There are too many solutions and alternatives to list, and most solutions will be built collectively through praxis and not through theory. As a starting point, one could easily envision how the $100 million price tag for the proposed liquefaction facility could be better spent in ways that would address energy needs, create jobs in the economically marginalized and oppressed front-line communities next to the Port, support renewable energy and energy efficiency, and build greater community health instead of increased toxic risk. With the high percentage of old housing stock and rental units in low­ income communities, there is a large need to improve housing quality with weatherization, energy efficiency, and improvements in indoor air quality, lead abatement, and other healthy housing requirements. This investment would reduce the need for heating fuels, improve health outcomes, and would be able to employ many people from the community.

Job training programs around weatherization and housing work are already in place, and are focused on people of color, youth, and people with records who are excluded from many other sectors of the dominant economy. EJ League has a Board Member who is a weatherization job training specialist, energy auditor, and is working on seeking investors to build a production facility for cellulose to be used in blown-­in insulations and home weatherizations. Worker­ owned cooperative enterprises in the industries of energy efficiency would transform economic power dynamics, bring democratic control into the workplace, and build wealth at the local level. These types of economic developments would be community ­owned, community­ led, would employ community members, and would support true community wealth development in stark contrast with the corporate fossil fuel and petrochemical model developments that poison, displace, and extract wealth at the expense of community well­being.

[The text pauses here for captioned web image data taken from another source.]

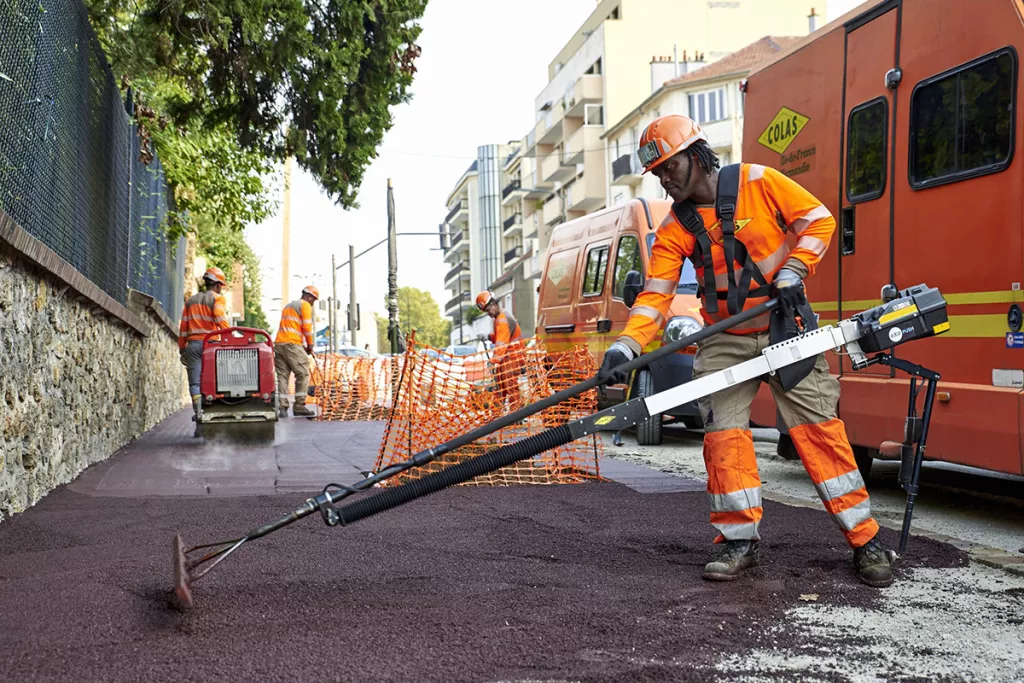 Collaborateurs qui reconstruisent la surface d'un trottoir urbain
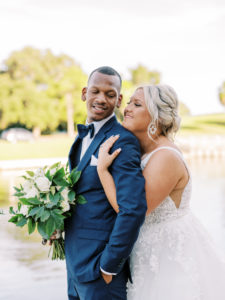 Bride and groom portrait at a Channel Side Wedding in Palm Coast, Florida. Taken by Ashley Dye Photography, a Jacksonville, Florida Wedding Photographer.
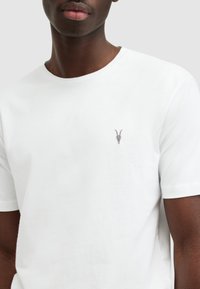 T-shirt bianca in cotone con collo rotondo, maniche corte e un piccolo ricamo di teschio di capra grigio nella zona sinistra del petto.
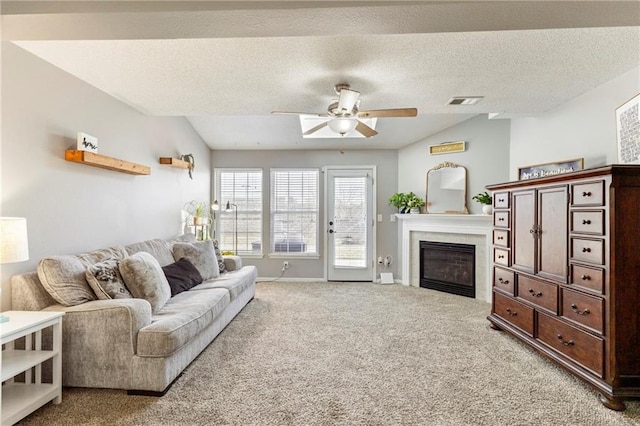 living area with lofted ceiling, a ceiling fan, a glass covered fireplace, light carpet, and a textured ceiling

In addition to worker owned businesses for energy efficiency, we need community­ owned renewable energy development. National Grid is required to make a bare minimum level of investment into renewables, and is allowed to add a surcharge to all consumer bills to cover this. Despite the fact that everyone is paying for this, National Grid’s limited investments into renewables have been in affluent white suburban communities. Front-line communities, which have been sacrifice zones for hazardous energy developments for generations, need massive investments in renewable energy. But these investments cannot operate like most investments in the dominant capitalist economy, which come in from outside with disregard for residents, take advantage of poverty conditions, lead to gentrification and displacement, and extract wealth for the investor’s return on investment. We are also not asking for charity or handouts that would support public relations campaigns for polluting industries. We are demanding reparations.

We are exploring mechanisms to make it possible for renewable energy to benefit our communities, given that current capitalist market mechanisms favor larger corporations, municipalities with surplus budgets and strong tax bases, and families that are homeowners who can afford up­front costs in order to get the return on their solar/renewable energy investments. We are determined to make renewable energy a working reality that benefits low ­income communities of color in multiple ways, from reduced toxic hazards, lowered bills, better jobs, and shifting away from energy sources that are literally killing us. We know this will not happen overnight, and it will be a massive cross­ sector effort to manifest this vision. But we also know that we cannot afford to wait, and nothing is more urgent. We invite you to join us.